At present, the news seems to be filled with stories of corporate giants like Walmart, Nike, and Facebook (now Meta) entering the metaverse — a place where this is no shortage of real estate to be had (the world has clearly changed since Mark Twain quipped, “[b]uy land, they’re not making it anymore”).
But these companies weren’t the first to move into the metaverse — the true pioneers are often acknowledged to be smaller businesses looking to complement their brick-and-mortar businesses by building projects (including outfits for avatars, gaming tools, and virtual land within their personal environment) for purchase with crypto and fiat currency.

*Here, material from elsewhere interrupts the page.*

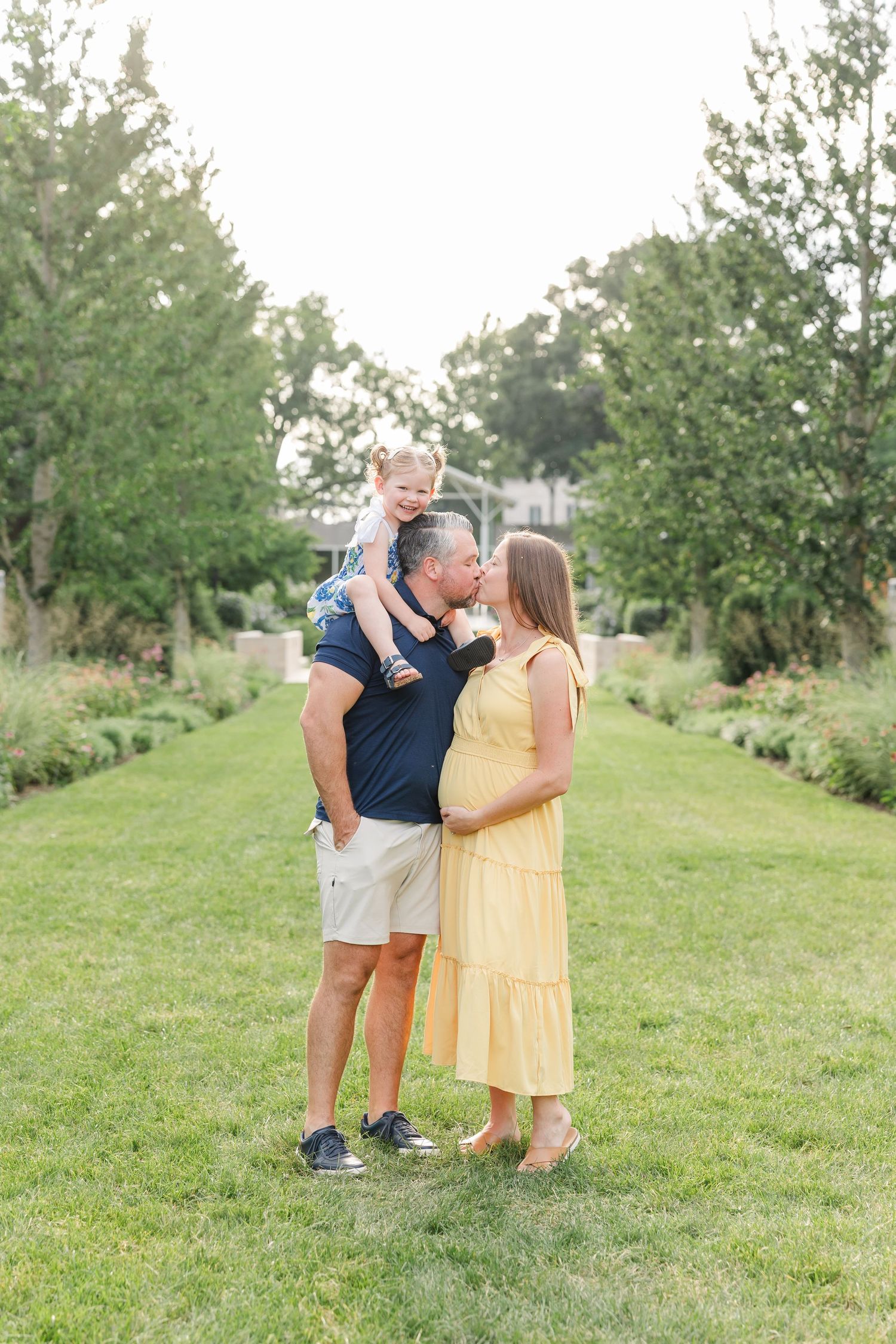 A pregnant woman in a yellow dress and a man in navy holding a toddler share a kiss outdoors in a lush garden.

Location, location, location… and taxes
With a crypto/real estate industry in a perpetual state of flux there are always new technologies being developed and therefore, new investment vehicles launched. Thus, the Internal Revenue Service (“IRS”) and various states continue to evaluate the correct tax positions for these types of arrangements which may not line up perfectly with the current tax code.

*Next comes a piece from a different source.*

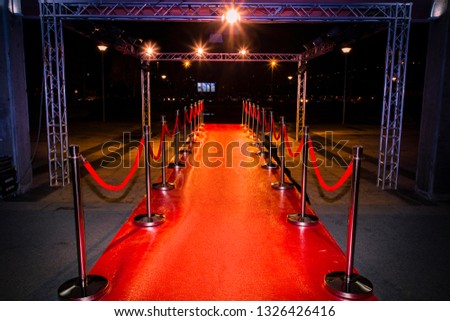 Red carpet with  barriers, velvet ropes and lights in the background Royalty-Free Stock Photo #1326426416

As with all economies, virtual or otherwise, the IRS and various state authorities want their piece of the action. As it relates to virtual plots of land there are a few tax implications to keep in mind.

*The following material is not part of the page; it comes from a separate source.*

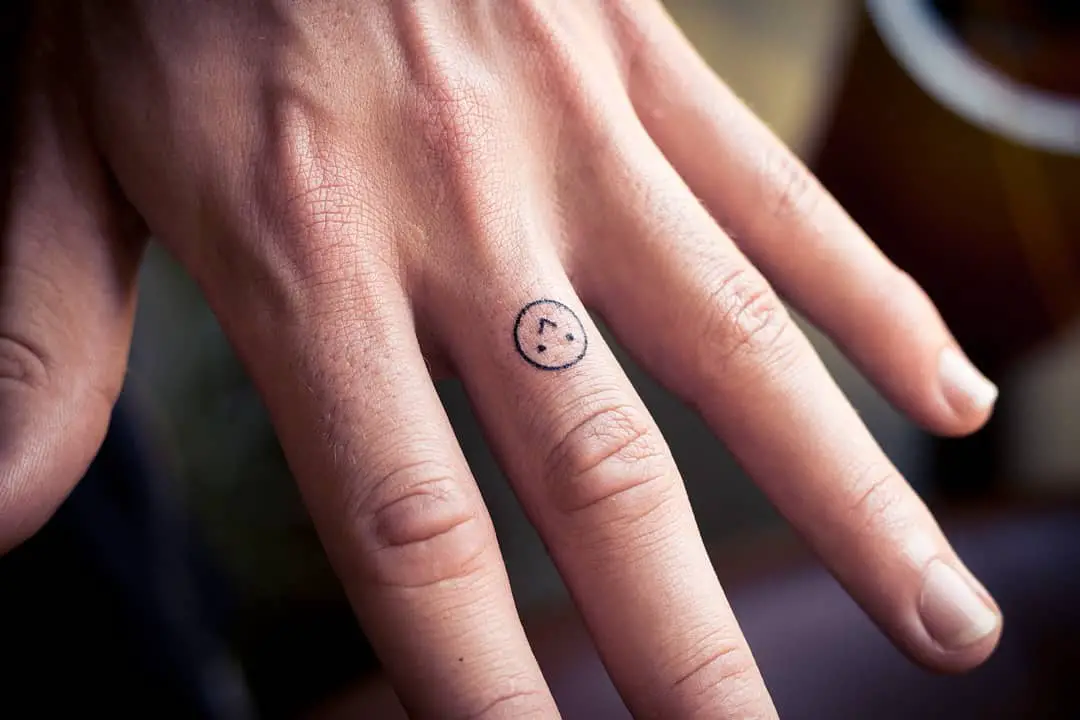 Black ink finger tattoo by sophiancholettattoo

- Buying non-fungible tokens (“NFTs”) with cryptocurrency may trigger a taxable event. The IRS considers cryptocurrency to be property. To the extent that the purchase price of the NFT is greater than the buyer’s tax basis in the cryptocurrency, the difference might be taxable gain. On the other hand, if the purchase price of the NFT is less than the basis in the cryptocurrency, the loss might not be deductible
- You will also need to consider if the token for the platform where you are interested in buying property is available on most exchanges or if you will need to exchange a more popular cryptocurrency to access the fungible token needed to trade for a parcel of virtual land. This too can trigger a taxable event.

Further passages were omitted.